Tragically, one of these was the Colfax massacre in Grant Parish, Louisiana, a county named by local pro-Reconstruction activists for the president himself. There, on Easter Sunday in April 1873, local Black Republicans attempting to enforce the results of a recent election were besieged in the courthouse by a white mob. After the Blacks surrendered, more than 70 of their number plus nearby Black residents were slaughtered in cold blood by white militia allied with the Democratic Party.
Lemann does show how Grant was pressured to stop sending troops to the South as Northerners grew tired of intervening against their fellow whites on behalf of Black freedmen. For example, after troops broke up an illegal session of the Louisiana state legislature and General Philip Sheridan proposed declaring Southern terrorists to be “banditti,” which would justify rounding them up as criminals, Northern leaders, even those on the left, grew hostile to military interventions in Southern states. As Lemann explains,
People who thought of themselves as the ‘better element’ in the North — voices of light and learning, people who had been abolitionist before the war, had loyally supported the Union cause throughout it, and until now had favored the use of federal power in the former Confederacy to ensure its proper recovery — were moved to abandon Reconstruction completely.
The New York Times, and The Nation published horrified editorials. The legislatures of Pennsylvania and Ohio passed resolutions of disapproval. Charles Francis Adams, son and grandson of presidents and Lincoln’s ambassador to London who helped keep the British out of the Civil War, convened a protest meeting at Boston’s Faneuil Hall. It was only prevented from passing a resolution calling for the complete removal of federal troops from the South by the intervention of old abolitionist Wendell Phillips.

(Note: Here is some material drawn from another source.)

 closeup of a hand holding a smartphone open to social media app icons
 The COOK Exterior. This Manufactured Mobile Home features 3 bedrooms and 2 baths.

If Grant decided to send troops he would have to buck much of the Republican establishment.
Grant in a Difficult Position
Grant recognized that southern terrorism threatened to undo Grant’s own victory in the Civil War. But he also had to play politics in 1870s America where even fellow Republicans knew that white voters were tired of Reconstruction.
For example, two months after Grant refused to send troops to restore order at the request of Mississippi’s carpetbagger governor Adelbart Ames, Grant explained that he regretted his decision. Prior to the 1875 election, Ohio Republicans had asked Grant to not send troops to Mississippi. They claimed that Ohio voters were tired of Reconstruction and that Republicans would lose the governor’s race if Grant intervened in Mississippi.
“I should not have yielded,” Grant said. “I believed at the time I was making a grave mistake. But as presented, it was duty on one side and party obligation on the other. Between the two I hesitated, but finally yielded to what I believed was my party obligation.”
Grant was aware of the implications of failing to uphold federal authority in Mississippi.:
It requires no prophet to foresee that the national government will soon be at a great disadvantage and that the results of the war of the rebellion will have been in a large manner lost…What you have just passed through in the state of Mississippi is only the beginning of what is sure to follow.
As it turned out, Grant’s prediction was correct. Terrorists had been so successful at disenfranchising Black Mississippians by using sporadic violence and intimidation that appeared to Northerners to be uncoordinated and local so as to avoid attracting the full wrath of the federal government that the “Mississippi Plan” spread to other Southern states as a way for ex-Confederates to regain control.
As a result, by 1877, so-called Redeemers had reconquered the South, in effect reversing the results of the war and instituting a reign of racial terror and oppression that would not be successfully challenged until the middle of the following century when the civil rights movement appeared in the 1950s.
This is a story too important to remain in the shadows and Lemann’s book does an excellent job of telling it.